Gujarat 2002 has also given the BJP its ideological mantra for the future: terrorism. Modi's crude message proved highly effective. Mian Musharraf equals Muslims. Muslims equal terrorists.Modi with his band of VHP activists managed to pull off the remarkable feat of convincing the majority Hindu community that they must both fear and "put in their place" Muslims who account for only 10 per cent of the population and have known only misfortune in recent times in Gujarat. Taking a dig at the Congress, Jaitley says, "We did not follow Hindutva. The Congress did that. Our plank was terrorism and incidents like Godhra and Akshardham."
There is no doubt now that this strategy will be replicated in states where polls are coming up. The only real debate within the BJP is over how effective it will be in different social set-ups. In March next year, the BJP-ruled Himachal Pradesh faces elections. BJP MP from the state Maheshwar Singh asks: "How can we run a similar campaign in Himachal Pradesh when there are no minorities here?" But Sangh parivar strategists now believe that the Modi effect could catch on in the state. Before he was sent off to Gujarat as chief minister, Modi had been in charge of Himachal and had played a key role in installing the BJP there. Now as Agarwal says, "He will be the star campaigner for us in Himachal Pradesh."

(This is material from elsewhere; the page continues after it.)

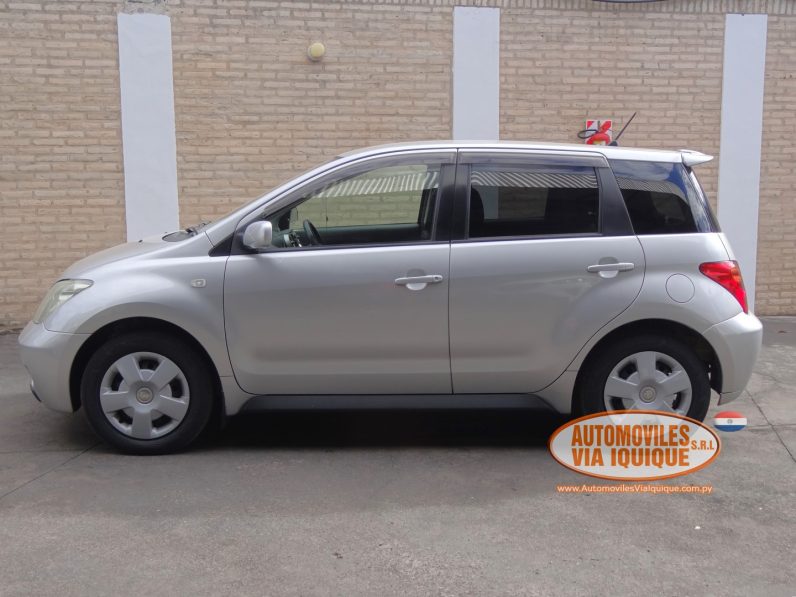 
								TOYOTA IST AÑO 2002 full									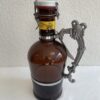 Ueli Bier Krug aus braunem Glas mit Henkel und Klappverschluss Brauerei Fischerstube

Later in the year, Rajasthan and Madhya Pradesh, both Congress-ruled but with the BJP as the main Opposition, face elections. The fact that the BJP won all three by-elections in Rajasthan has created a sense of euphoria. Says BJP MP Jaswant Singh Bishnoi, "A BJP win in Gujarat will naturally affect the mood in Rajasthan though caste equations in my state are more important." In spite of a clearly different set of circumstances prevailing in Gujarat and Rajasthan, parivar strategists point out that both are border states with visible pockets of minority influence. Hence, post-Gujarat, they see Rajasthan ripe for Modi-politics.
As far as the BJP's fortunes in Madhya Pradesh are concerned, there are two important indicators from Gujarat. As Agarwal points out, "We have swept the Bhil adivasi belt in Gujarat. That win is built on the work done by Sangh organisations. There are similar pockets in Madhya Pradesh." Second, party strategists are laying great emphasis on the fact that Mayawati campaigned for the BJP in Gujarat. Says a senior party leader, "A BJP-BSP tie-up is vital to our performance in MP and then in the general elections. The party high command has decided on this course though state units have some problems."
Still, many BJP leaders point out that Modi's line worked because of the Godhra incident and its ripple effect. Says a senior RSS ideologue, "Actually, it is Maharashtra and Karnataka which have the social conditions to replicate this type of communal polarisation but for that, we first need an incident like Godhra." Even if the party is not "blessed" with such incidents, right now a strong anti-minority terrorism line appears the only winning strategy for the BJP. For, Modi has proved conclusively that communal polarisation pays. Crudely translated, like much of his election rhetoric, the message from Gujarat is that the greater the hatred between communities, the bigger the chances for a BJP win.